REQUIRED WORK:
The response should be the lines of the data, starting at the first and ending at the one that contains "건축, 교회, 그레이스케일의 무료 스톡 사진", copied without change.

TASK DATA:
▬▬▬
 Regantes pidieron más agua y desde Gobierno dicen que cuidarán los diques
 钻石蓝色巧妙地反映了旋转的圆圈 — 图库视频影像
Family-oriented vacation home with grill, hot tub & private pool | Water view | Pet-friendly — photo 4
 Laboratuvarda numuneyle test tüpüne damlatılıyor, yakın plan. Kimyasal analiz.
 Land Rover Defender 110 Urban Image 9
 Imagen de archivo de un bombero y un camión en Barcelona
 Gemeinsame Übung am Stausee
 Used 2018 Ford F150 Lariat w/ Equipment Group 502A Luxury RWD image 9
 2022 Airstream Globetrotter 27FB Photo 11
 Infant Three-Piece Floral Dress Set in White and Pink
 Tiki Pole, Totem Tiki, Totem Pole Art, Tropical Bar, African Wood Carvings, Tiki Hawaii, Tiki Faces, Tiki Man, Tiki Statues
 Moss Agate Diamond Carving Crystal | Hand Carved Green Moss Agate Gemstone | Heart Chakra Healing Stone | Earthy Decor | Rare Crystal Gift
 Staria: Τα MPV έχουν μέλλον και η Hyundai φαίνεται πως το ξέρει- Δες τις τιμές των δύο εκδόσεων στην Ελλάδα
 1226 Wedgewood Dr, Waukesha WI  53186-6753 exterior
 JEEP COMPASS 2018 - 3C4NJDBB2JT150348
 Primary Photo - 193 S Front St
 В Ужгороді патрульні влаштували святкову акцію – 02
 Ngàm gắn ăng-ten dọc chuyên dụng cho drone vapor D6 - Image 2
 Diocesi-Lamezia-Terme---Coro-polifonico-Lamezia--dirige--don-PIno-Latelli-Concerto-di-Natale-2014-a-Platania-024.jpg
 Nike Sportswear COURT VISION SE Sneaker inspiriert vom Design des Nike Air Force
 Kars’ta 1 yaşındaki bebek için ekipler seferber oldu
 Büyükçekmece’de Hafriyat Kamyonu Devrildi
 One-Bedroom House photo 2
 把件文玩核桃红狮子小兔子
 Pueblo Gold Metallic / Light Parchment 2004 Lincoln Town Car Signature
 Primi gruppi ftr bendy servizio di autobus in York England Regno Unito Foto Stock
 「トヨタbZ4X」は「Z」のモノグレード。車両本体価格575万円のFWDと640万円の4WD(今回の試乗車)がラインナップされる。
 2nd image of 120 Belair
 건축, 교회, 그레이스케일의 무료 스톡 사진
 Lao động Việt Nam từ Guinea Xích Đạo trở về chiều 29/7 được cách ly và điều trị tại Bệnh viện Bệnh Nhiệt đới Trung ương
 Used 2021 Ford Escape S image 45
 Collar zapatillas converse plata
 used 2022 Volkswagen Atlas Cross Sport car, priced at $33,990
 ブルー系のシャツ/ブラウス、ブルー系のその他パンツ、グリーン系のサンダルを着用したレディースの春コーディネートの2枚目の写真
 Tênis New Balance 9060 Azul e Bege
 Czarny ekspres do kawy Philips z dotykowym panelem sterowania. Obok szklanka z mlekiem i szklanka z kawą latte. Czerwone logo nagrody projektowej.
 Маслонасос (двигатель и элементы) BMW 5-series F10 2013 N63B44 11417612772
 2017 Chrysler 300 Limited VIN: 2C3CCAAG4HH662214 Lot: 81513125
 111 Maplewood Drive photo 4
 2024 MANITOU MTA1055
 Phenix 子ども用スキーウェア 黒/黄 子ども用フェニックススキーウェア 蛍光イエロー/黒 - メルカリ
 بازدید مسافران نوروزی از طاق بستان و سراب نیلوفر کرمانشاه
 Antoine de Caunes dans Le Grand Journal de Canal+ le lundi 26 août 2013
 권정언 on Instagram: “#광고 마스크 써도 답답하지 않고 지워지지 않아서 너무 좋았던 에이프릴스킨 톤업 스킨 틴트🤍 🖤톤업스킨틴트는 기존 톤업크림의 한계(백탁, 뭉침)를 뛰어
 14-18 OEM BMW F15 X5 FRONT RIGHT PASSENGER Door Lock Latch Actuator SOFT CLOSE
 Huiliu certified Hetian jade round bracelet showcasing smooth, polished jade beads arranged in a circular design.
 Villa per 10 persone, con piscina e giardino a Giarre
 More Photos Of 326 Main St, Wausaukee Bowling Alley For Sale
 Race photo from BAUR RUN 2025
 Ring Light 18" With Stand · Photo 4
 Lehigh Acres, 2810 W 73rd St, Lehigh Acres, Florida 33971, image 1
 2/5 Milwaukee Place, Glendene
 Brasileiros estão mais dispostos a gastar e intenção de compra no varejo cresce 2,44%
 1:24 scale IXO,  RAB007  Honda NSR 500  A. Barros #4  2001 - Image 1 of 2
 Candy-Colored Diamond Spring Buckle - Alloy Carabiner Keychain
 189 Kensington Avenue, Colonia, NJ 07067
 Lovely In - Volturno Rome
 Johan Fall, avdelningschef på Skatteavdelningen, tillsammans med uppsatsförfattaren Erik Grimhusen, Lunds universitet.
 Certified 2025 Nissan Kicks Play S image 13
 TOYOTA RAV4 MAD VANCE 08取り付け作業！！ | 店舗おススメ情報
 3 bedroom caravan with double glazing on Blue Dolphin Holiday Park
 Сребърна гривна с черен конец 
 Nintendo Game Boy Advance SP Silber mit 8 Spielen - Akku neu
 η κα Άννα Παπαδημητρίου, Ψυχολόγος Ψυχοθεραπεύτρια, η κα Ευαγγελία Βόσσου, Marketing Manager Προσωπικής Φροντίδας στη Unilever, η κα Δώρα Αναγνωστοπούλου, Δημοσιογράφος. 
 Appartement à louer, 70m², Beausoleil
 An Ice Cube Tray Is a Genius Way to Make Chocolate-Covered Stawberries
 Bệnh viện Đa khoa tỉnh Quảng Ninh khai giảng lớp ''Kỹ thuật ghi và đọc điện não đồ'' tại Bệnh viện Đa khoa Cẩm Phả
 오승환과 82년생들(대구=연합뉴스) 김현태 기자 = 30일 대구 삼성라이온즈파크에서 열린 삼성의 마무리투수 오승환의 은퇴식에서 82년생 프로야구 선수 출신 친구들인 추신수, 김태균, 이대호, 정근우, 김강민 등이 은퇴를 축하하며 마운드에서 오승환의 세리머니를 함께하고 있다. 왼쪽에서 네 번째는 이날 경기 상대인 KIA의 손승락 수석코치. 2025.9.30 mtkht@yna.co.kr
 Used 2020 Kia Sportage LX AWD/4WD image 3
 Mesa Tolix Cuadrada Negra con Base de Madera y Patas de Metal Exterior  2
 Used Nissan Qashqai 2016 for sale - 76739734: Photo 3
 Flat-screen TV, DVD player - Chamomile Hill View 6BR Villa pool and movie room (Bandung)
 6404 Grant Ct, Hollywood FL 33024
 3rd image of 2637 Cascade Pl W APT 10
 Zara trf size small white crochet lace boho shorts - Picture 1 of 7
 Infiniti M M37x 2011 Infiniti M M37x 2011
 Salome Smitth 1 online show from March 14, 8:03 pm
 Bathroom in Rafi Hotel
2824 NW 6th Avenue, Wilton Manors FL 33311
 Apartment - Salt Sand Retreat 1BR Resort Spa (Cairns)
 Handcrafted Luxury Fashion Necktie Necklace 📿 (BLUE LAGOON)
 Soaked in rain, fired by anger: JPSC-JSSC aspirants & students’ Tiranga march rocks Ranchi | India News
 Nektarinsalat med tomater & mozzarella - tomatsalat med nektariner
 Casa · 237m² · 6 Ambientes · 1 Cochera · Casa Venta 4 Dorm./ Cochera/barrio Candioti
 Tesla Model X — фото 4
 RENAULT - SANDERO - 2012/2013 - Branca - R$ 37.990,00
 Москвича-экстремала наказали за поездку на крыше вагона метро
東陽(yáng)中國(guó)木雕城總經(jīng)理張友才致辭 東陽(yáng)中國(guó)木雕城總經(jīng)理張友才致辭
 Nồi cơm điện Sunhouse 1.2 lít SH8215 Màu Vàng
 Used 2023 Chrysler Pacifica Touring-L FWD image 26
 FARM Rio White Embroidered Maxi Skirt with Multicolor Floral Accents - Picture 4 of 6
▬▬▬
WRITTEN ANSWER:
 Regantes pidieron más agua y desde Gobierno dicen que cuidarán los diques
 钻石蓝色巧妙地反映了旋转的圆圈 — 图库视频影像
Family-oriented vacation home with grill, hot tub & private pool | Water view | Pet-friendly — photo 4
 Laboratuvarda numuneyle test tüpüne damlatılıyor, yakın plan. Kimyasal analiz.
 Land Rover Defender 110 Urban Image 9
 Imagen de archivo de un bombero y un camión en Barcelona
 Gemeinsame Übung am Stausee
 Used 2018 Ford F150 Lariat w/ Equipment Group 502A Luxury RWD image 9
 2022 Airstream Globetrotter 27FB Photo 11
 Infant Three-Piece Floral Dress Set in White and Pink
 Tiki Pole, Totem Tiki, Totem Pole Art, Tropical Bar, African Wood Carvings, Tiki Hawaii, Tiki Faces, Tiki Man, Tiki Statues
 Moss Agate Diamond Carving Crystal | Hand Carved Green Moss Agate Gemstone | Heart Chakra Healing Stone | Earthy Decor | Rare Crystal Gift
 Staria: Τα MPV έχουν μέλλον και η Hyundai φαίνεται πως το ξέρει- Δες τις τιμές των δύο εκδόσεων στην Ελλάδα
 1226 Wedgewood Dr, Waukesha WI  53186-6753 exterior
 JEEP COMPASS 2018 - 3C4NJDBB2JT150348
 Primary Photo - 193 S Front St
 В Ужгороді патрульні влаштували святкову акцію – 02
 Ngàm gắn ăng-ten dọc chuyên dụng cho drone vapor D6 - Image 2
 Diocesi-Lamezia-Terme---Coro-polifonico-Lamezia--dirige--don-PIno-Latelli-Concerto-di-Natale-2014-a-Platania-024.jpg
 Nike Sportswear COURT VISION SE Sneaker inspiriert vom Design des Nike Air Force
 Kars’ta 1 yaşındaki bebek için ekipler seferber oldu
 Büyükçekmece’de Hafriyat Kamyonu Devrildi
 One-Bedroom House photo 2
 把件文玩核桃红狮子小兔子
 Pueblo Gold Metallic / Light Parchment 2004 Lincoln Town Car Signature
 Primi gruppi ftr bendy servizio di autobus in York England Regno Unito Foto Stock
 「トヨタbZ4X」は「Z」のモノグレード。車両本体価格575万円のFWDと640万円の4WD(今回の試乗車)がラインナップされる。
 2nd image of 120 Belair
 건축, 교회, 그레이스케일의 무료 스톡 사진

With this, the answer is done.